The US Secretary of Labour, Robert B. Reich speaking at the plenary session of the 75th International Labour Conference claimed that the issue of international labour standards had gained "an extra degree of salience, symbolized by the recognition at Marrakesh that labour standards must be taken into account in formulating the work for the new World Trade Organization".

"We have advanced beyond the conceptual gridlock that plagued the international community for so long," Reich declared, adding: "few are willing to argue openly that labour standards, however egregious, are strictly internal affairs. Nor are there many candid advocates for the opposite extreme that standards must be identical in every country. We have achieved that essential prerequisite to agreement -- a consensus to look to the middle ground."

But despite Reich's claim, the Marrakesh meeting closing the Uruguay Round negotiations and establishing a Preparatory Committee for the WTO was unable to reach any such agreement. The United States and a few others raised the issue of trade and labour standard linkages, but were vehemently opposed by others including many developing countries.

In his concluding remarks, the Chairman of the Marrakesh meeting, Uruguay Foreign Minister Sergio Abreu Bonilla listed over a dozen issues raised by various Ministers in their speeches and said that a function of the WTO preparatory committee (which would take decisions by consensus) would be to discuss suggestions for inclusion of additional items in the agenda of the WTO's work programme.

The US and France are reportedly joining forces in their attempts to raise the issue, which is viewed by developing countries as an attempt to forge new protectionist instruments for post-2005 when the MFA restrictions have to be dismantled under the WTO.

Reich insisted on the "legitimacy" of defining some "absolute standards" to which every country was expected to hew. Any list of core labour standards, he said, should include gods produced by prison or salve labour, some forms of child labour.

Beyond a "short list" of core labour standards, judgements "must become more conditional" and the international community should not attempt to dictate levels of working hours, minimum wages, benefits or health and safety standards uniformly matching those of the US and other industrialized nations.

He saw merit in the belief that developing countries must grow richer to improve living and working conditions, and that they must trade to grow richer. This observation, he added, implicitly acknowledged that standards should not be static and that a country's ability to offer its citizens better working lives rose with development and international expectations might properly rise as well.
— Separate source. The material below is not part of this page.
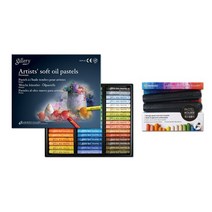 문교 소프트 오일파스텔 + 파스텔 홀더 2p, 3개, 48색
By listing, but not defining the "core" labour standards, and staking out a claim for international expectations on increasing labour standards in developing countries, Reich laid out a justification for future trade restrictions by saying: "If a country pursues policies that hold down living standards and limit to a narrow elite the benefits of trade, the promise of open commerce is perverted and drained of its rationale".

The US labour secretary then went to suggest democratic institutions and trends as the criteria by which the international community should focus attention on the legitimate right to expect rising labour conditions to accompany third world growth.
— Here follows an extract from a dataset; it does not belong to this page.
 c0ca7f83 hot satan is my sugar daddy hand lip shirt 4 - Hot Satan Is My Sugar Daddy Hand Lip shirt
Where there were reasonably robust democratic institutions, it could be presumed that the labour conditions reflected what a country could afford, given its level of development. Where democratic institutions were absent trends of low-wage workers becoming better off as trade and investment boosted national income, and the narrowing of the rich-poor gap could be used.

It was preferable for any intervention to be authorized and implemented multilaterally to exploit the expertise of global organizations. There must be a menu of potential responses to labour-standards abuses, varying on nature and severity of their effects. The range could include technical assistance to clear the path to improve, 'sunshine' provisions to highlight abuses, ineligibility for international grants and loan programs and "targeted trade measures".

There should also be "pragmatism" so that intervention would bring about change in the offending nations and not losing sight of the fact that trade itself could be a catalyst for progressive change.

Earlier, Reich said the Clinton administration would pursue ratification of major ILO conventions, but mentioned only the relatively innocuous Convention No 150 as the one that he had recommended the President seek Senate ratifications. Reich also said that the administration was engaged in tripartite discussions on Convention 111 -- the 1958 Discrimination (Employment and Occupation) Convention.

The US has the lowest track record in terms of accession to ILO conventions -- and is not party to any of the basic or core conventions nor those of such global importance as the 1990 Chemicals convention or the 1993 one about prevention of Major Industrial Accident Convention -- agreed to at the ILO in the aftermath of the Bhopal disaster in India in the US Transnational Chemical Company, Union Carbide's plant in that city.